Retype all of the listing exactly, passing over any picture you find.

** EXERCISE DATA follows **

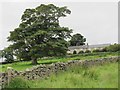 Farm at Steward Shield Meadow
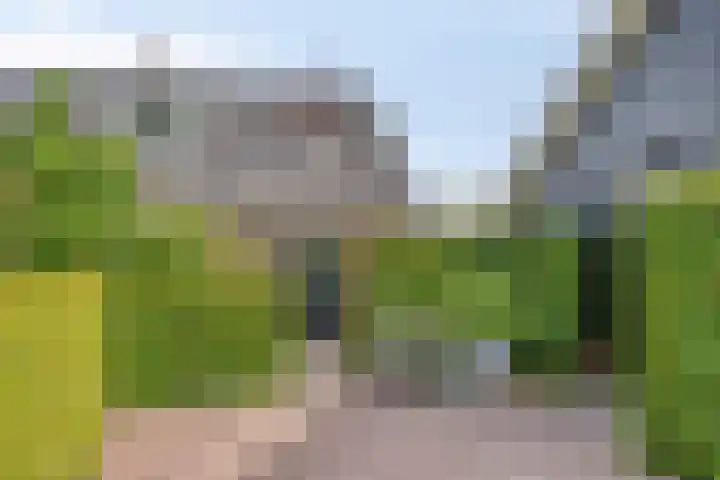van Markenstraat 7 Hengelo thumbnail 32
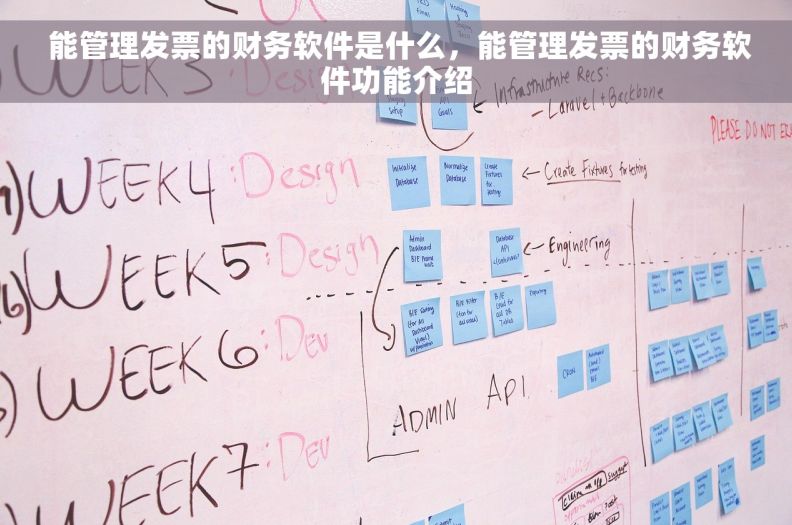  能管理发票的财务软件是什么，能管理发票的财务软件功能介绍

** End of EXERCISE DATA **

_SOLUTION TO THIS TASK_
 Farm at Steward Shield Meadow
van Markenstraat 7 Hengelo thumbnail 32
  能管理发票的财务软件是什么，能管理发票的财务软件功能介绍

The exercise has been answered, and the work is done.